__GIVEN RECORDS__.

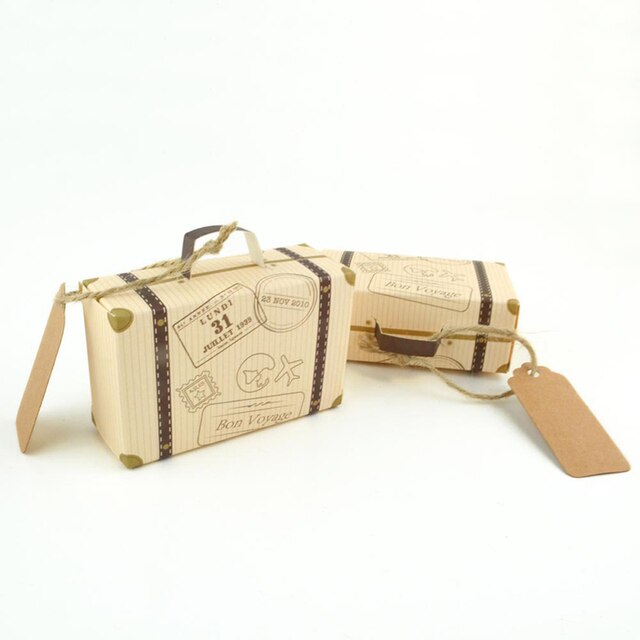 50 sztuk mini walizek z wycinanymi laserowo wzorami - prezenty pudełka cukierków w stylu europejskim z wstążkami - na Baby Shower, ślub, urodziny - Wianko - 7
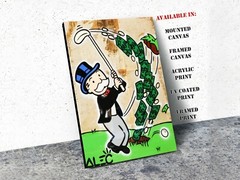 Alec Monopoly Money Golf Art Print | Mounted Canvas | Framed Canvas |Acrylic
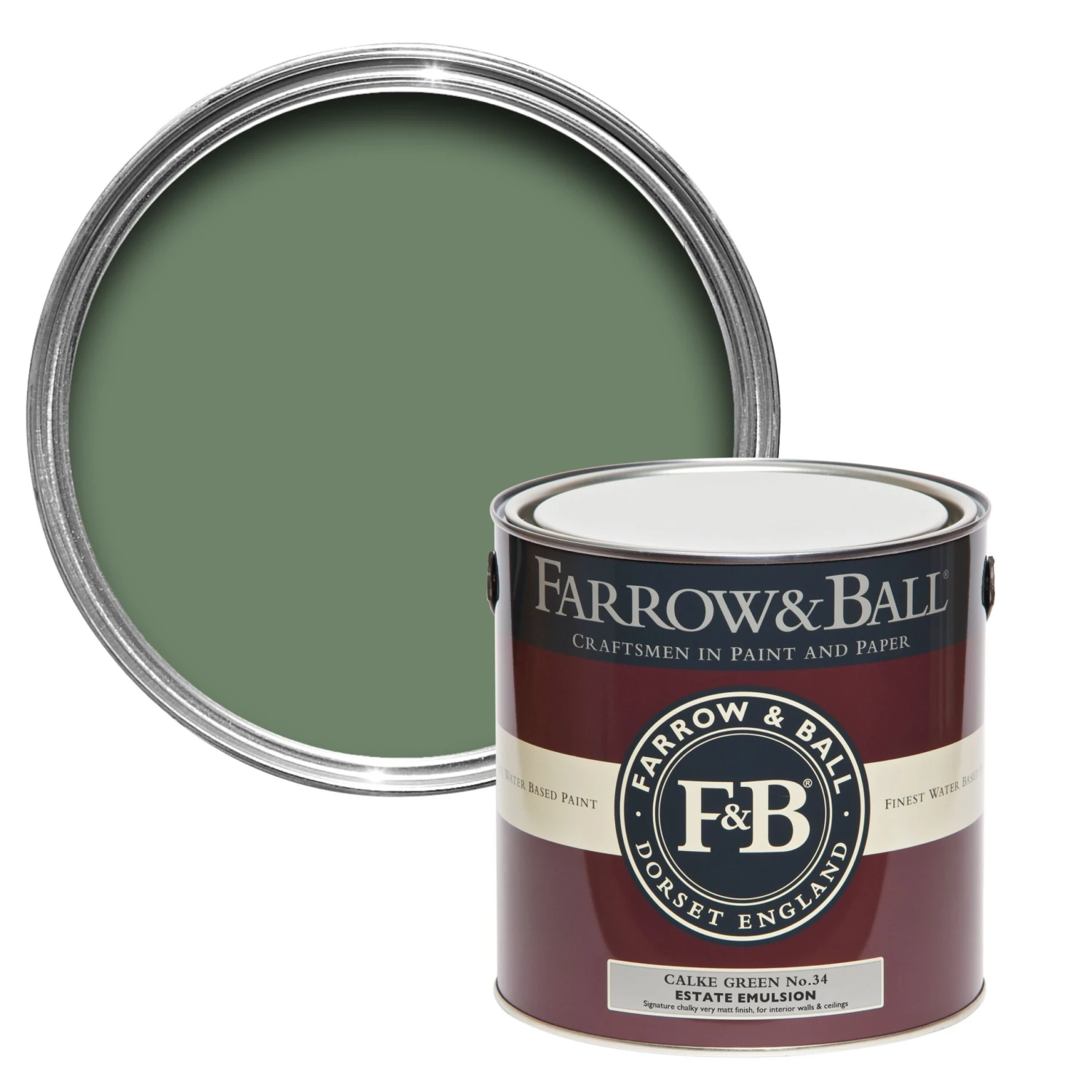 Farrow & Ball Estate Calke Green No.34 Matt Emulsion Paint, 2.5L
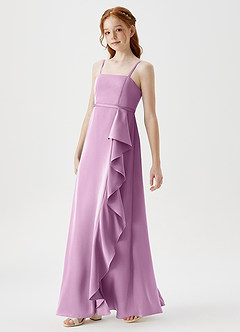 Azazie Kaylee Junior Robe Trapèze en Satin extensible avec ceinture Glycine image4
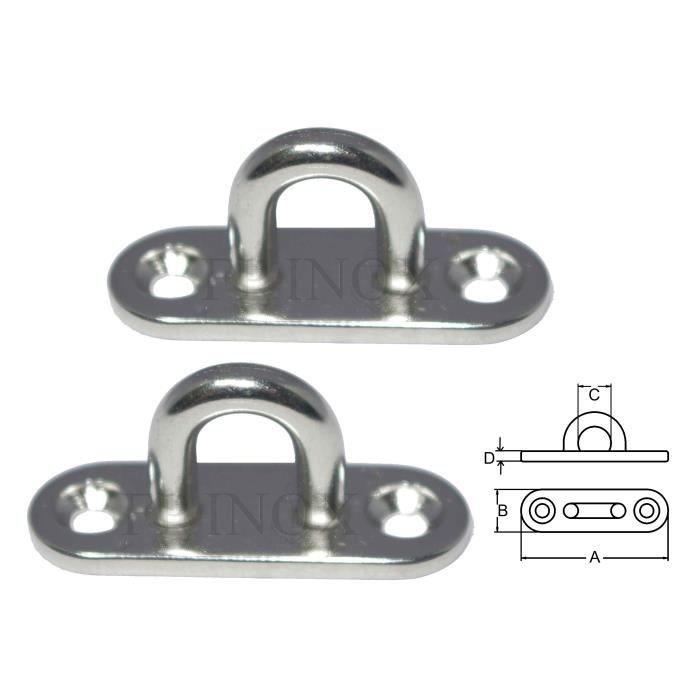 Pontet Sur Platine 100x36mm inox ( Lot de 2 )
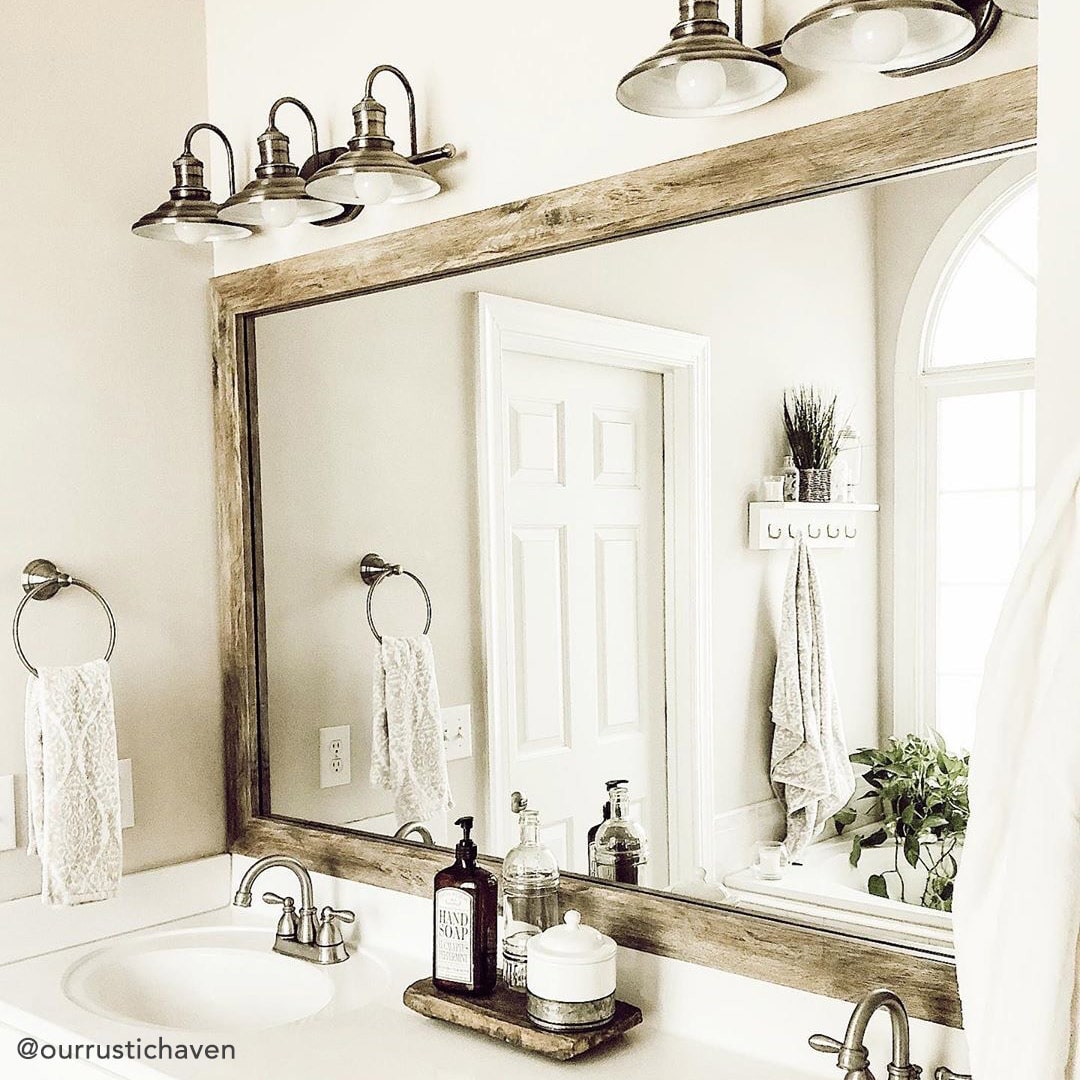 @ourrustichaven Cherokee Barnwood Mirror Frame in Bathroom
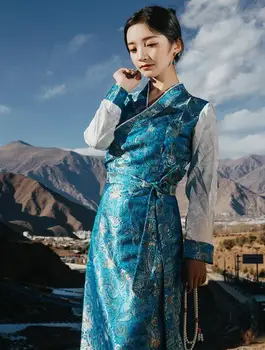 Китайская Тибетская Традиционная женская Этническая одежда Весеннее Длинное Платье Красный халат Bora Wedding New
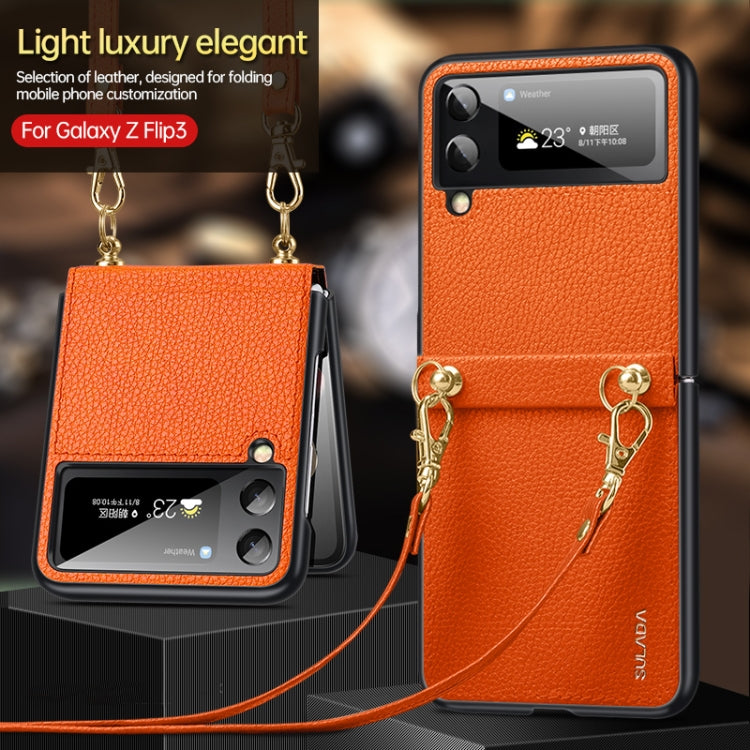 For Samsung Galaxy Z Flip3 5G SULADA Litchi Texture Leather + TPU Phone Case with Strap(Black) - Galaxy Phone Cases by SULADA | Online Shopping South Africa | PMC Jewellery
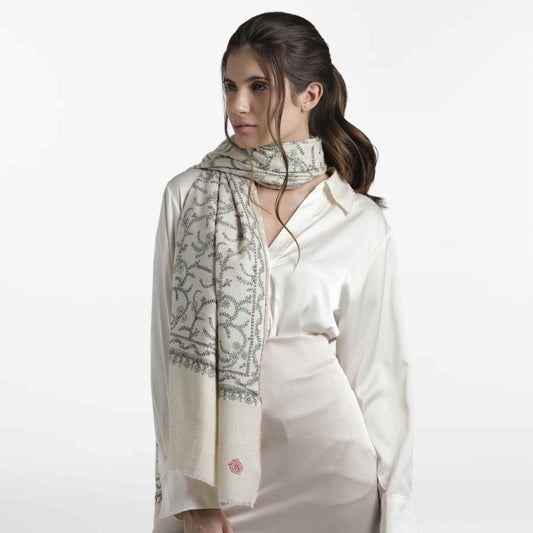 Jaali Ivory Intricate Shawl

__INSTRUCTIONS TO FOLLOW__.
Only the pictures should be left out; the rest of the material above must be repeated exactly.

__SOLUTION__.
 50 sztuk mini walizek z wycinanymi laserowo wzorami - prezenty pudełka cukierków w stylu europejskim z wstążkami - na Baby Shower, ślub, urodziny - Wianko - 7
 Alec Monopoly Money Golf Art Print | Mounted Canvas | Framed Canvas |Acrylic
 Farrow & Ball Estate Calke Green No.34 Matt Emulsion Paint, 2.5L
 Azazie Kaylee Junior Robe Trapèze en Satin extensible avec ceinture Glycine image4
 Pontet Sur Platine 100x36mm inox ( Lot de 2 )
 @ourrustichaven Cherokee Barnwood Mirror Frame in Bathroom
 Китайская Тибетская Традиционная женская Этническая одежда Весеннее Длинное Платье Красный халат Bora Wedding New
 For Samsung Galaxy Z Flip3 5G SULADA Litchi Texture Leather + TPU Phone Case with Strap(Black) - Galaxy Phone Cases by SULADA | Online Shopping South Africa | PMC Jewellery
 Jaali Ivory Intricate Shawl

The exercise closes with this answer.